The docs do not mention this, but the commonly recommended 2,000ms leak detection threshold floods logs with false positives in coroutine-heavy services. A coroutine holding a connection can be *suspended* while waiting on downstream logic, legitimately holding it for 3–5 seconds. After profiling actual hold times (p99.9 was 5,100ms), I set the threshold to 8,000ms — roughly 4x my p99 of 2,400ms. This catches genuine leaks without the noise.

## Production Results

Real metrics from a Ktor service on a Hetzner CX22 (2 vCPU, 4GB RAM), load tested with k6 over 15-minute sustained runs:

| Metric | Before | After |
|---|---|---|
| Max stable RPM | ~12,000 | ~50,000 |
| p99 latency | 4,200ms | 180ms |
| HikariCP wait time (p99) | 2,800ms | 35ms |
| IO thread starvation events/hr | ~340 | 0 |

The workload was 80% reads, 20% writes, tested at 50–400 virtual users. Error rate at 50K RPM was 0.02% — all transient connection resets, zero application errors.

## Gotchas

- **Don't size the dispatcher and pool independently.** If your `limitedParallelism` is 20 but your pool is 10, you've just moved the starvation problem. Match them.
- **A larger pool reduces throughput.** Counterintuitive, but more connections means more lock contention inside PostgreSQL itself.
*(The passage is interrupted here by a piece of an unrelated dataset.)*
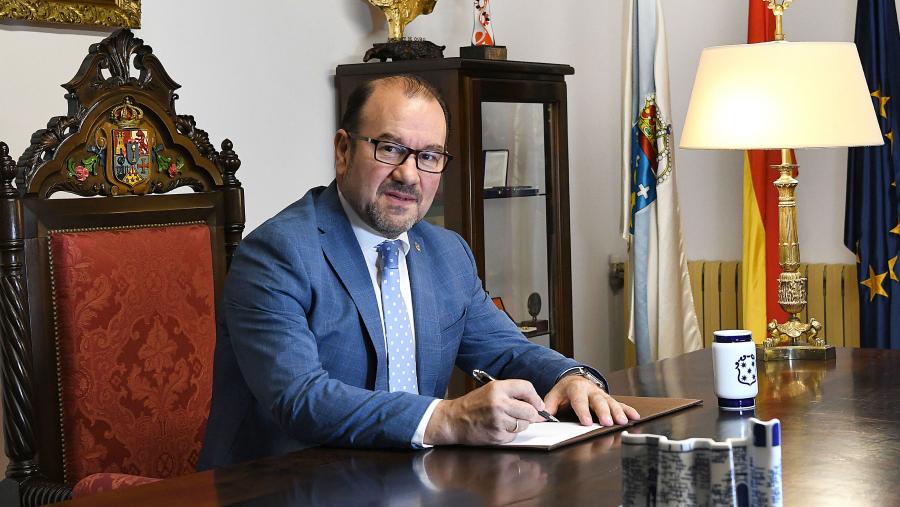 O profesor López, candidato único nestes comicios, obtivo 1.636 votos. FOTO: Santi Alvite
Benchmark, don't guess.
- **This pattern applies beyond databases.** HTTP client pools, rate-limited APIs, file handle limits — match dispatcher parallelism to the bounded resource. Your $20 VPS has more headroom than you think once you stop over-subscribing.
- **Take breaks during long tuning sessions.** Seriously — I use [HealthyDesk](https://play.google.com/store/apps/details?id=com.healthydesk) for break reminders and desk exercises when I'm deep in load-testing rabbit holes. A fresh pair of eyes catches config mistakes faster.

## Wrapping Up

Let me show you a pattern I use in every project: constrain concurrency to match the actual bottleneck. The `limitedParallelism` dispatcher is a backpressure mechanism that costs zero extra infrastructure. Size your pool with the PostgreSQL formula as a baseline, profile your connection hold times before setting leak detection, and let the coroutine scheduler do the queuing for you.

The full approach — dedicated dispatcher, right-sized pool, coroutine-aware leak detection — is the difference between a service that falls over at 12K RPM and one that cruises at 50K.